Now most of those are probably happy to see a wolf season and want wolves to be well managed. But it’s a mistake to confuse the hyperbole of the fringes for the opinions of the masses.

Ben Long is a writer,  outdoorsman and conservationist in Kalispell, Mont., where he eagerly awaits Opening Day of big game season. He is also senior program director for Resource Media.

Image of rifle hunting in Montana courtesy Flickr user lancefisher

Wendy Beye
Wendy Beye Subscriber
Oct 20, 2011 11:07 AM
Unfortunately, many hunters plan on shooting a wolf if they see it, tag or no tag. A number of local governing bodies publicly condone that approach.
Jim Cleary
Jim Cleary
Oct 29, 2011 10:04 AM
Here's wishing Montanans and Idahoans the best of success in your efforts to begin returning to environmental balance, not seen since the wolf introductions in the mid 1990's. This Minnesotan too will buy an Idaho wolf hunting license today, simply to post as a badge of honor on my den wall, even though we have already returned from this year's successful elk hunt in Idaho a month ago. We spend a lot of backcountry time in SW MT each summer and fall, and we have seen firsthand just how devastating wolves have been to the local economies of many small towns like Darby and Dillon, Montana, by destroying local hunting-related businesses ---- including outfitters, motels, restaurants, taxidermy and butcher shops, sporting goods and clothing stores, and even antique, western art, craft, and book stores.
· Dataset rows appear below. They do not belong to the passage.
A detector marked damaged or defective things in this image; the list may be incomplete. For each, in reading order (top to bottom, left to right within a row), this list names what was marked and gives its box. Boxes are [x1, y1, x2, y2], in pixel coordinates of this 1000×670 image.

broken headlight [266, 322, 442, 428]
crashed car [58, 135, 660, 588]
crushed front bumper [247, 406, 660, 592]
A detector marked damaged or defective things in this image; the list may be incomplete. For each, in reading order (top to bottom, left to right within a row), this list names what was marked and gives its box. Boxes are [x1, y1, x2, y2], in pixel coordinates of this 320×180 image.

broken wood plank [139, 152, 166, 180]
One Darby store has a wall-full of photos of missing dogs from town alone, due to wolf predation. Wolves have killed cattle, sheep (120 breeder bucks worth $80,000 in a single night), and have even killed a full-grown horse on the edge of town.
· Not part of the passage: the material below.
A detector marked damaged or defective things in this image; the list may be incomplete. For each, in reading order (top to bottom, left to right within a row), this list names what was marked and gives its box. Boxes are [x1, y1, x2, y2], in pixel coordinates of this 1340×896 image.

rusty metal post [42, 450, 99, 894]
In Idaho, a pack of wolves moved in on our elk carcass and fed for two days. It was fun exchanging howls with them, but we weren't able to find even cow elk after that. Better to have come prepared with a wolf license, as well. Here in the Twin Cities area of Minnesota we are nearly overrun with coyotes, and are now beginning to see adult wolves also, especially after having butchered deer in our back yard. If any of these predators ever becomes infected with rabies, they could be a real public health problem. North of the Twin Cities, just two weeks ago, a rural resident shot 2 or the 5 wolves that had surrounded and approached him --- one of those wolves indeed was found to be rabid. States must be given the authority to manage their wolf populations scientifically. In the absence of that, people push back by killing wolves when possible, and plenty of that has been happening here in Minnesota for years.